Principal Investigator Hirohito Kita, M.D., from Mayo Clinic, remarked: "Our
results strongly demonstrate that eosinophils have the capacity to recognize
and exert immunological responses to certain fungi such as Alternaria. We
have shown that CD11b receptors on the surface of eosinophils recognize and
adhere to beta-glucan, a major cell wall component of the fungus. This in
turn sets in motion the release of toxic granule proteins by the white blood
cells, leading to extensive damage and ultimate destruction of the fungus.
To the best of our knowledge, this is the first time that live eosinophils
and not just the intracellular components have been shown to target and
destroy a fungus."
The researchers used fluorescence microscopy to determine the outcome of the
interaction between eosinophils and A. alternata.

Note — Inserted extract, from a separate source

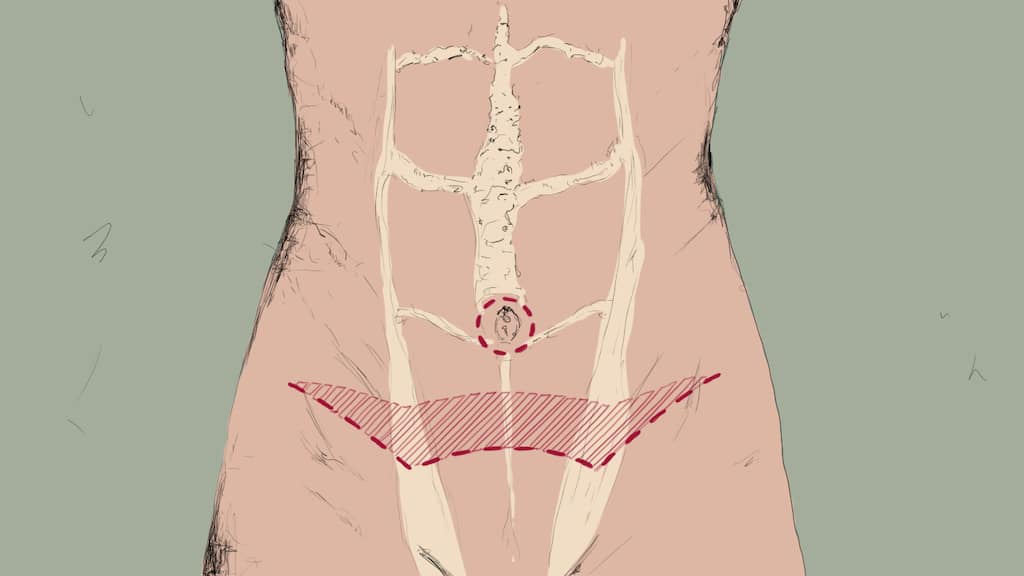 Grafik Bauchdeckenstraffung-W-foermige-Schnittfuehrung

The contact of fungus with
eosinophils resulted in bright red fluorescence due to the damaged fungal
cell wall and subsequent death of Alternaria. Immunohistochemistry confirmed
the release of toxic granular proteins by eosinophils due to contact with
the fungus.
Dr. Chris Lawrence, Associate Professor at VBI and the Department of
Biological Sciences at Virginia Tech, remarked: "T helper 2 (Th2) cells in
the immune system typically produce cytokine signaling molecules or
interleukins that lead to the recruitment of eosinophils for the
dysregulated immune response commonly associated with airway inflammatory
disorders. Continual exposure of sensitized individuals to common
environmental fungi like Alternaria may result in Th2 cells being constantly
activated to recruit eosinophils and this sustained defense mechanism
results in chronic inflammation. It has been shown previously that
degranulation of eosinophils causes damage of airway mucosa and enhances
inflammation. The next step in our transdisciplinary research collaboration
will be to use recombinant fungal proteins and fungal knockout mutants for
specific genes to dissect the different molecular steps involved in the
development and progression of this acute immune response."
Hirohito Kita added: "We have taken an important step in showing that the
innate immune system of eosinophils is capable of targeting an
asthma-associated fungus for destruction. The biological significance of
these results will need to be verified further in animal models and in
humans and our collaborative efforts with Dr. Lawrence's research group for
proteomics and functional genomics will be invaluable in this respect. We
suspect that the dysregulated immune responses to Alternaria, other
filamentous fungi, and perhaps chitin-encased insects, such as mites and
cockroaches, may play a pivotal role in chronic inflammation and the
subsequent development of bronchial airway disease."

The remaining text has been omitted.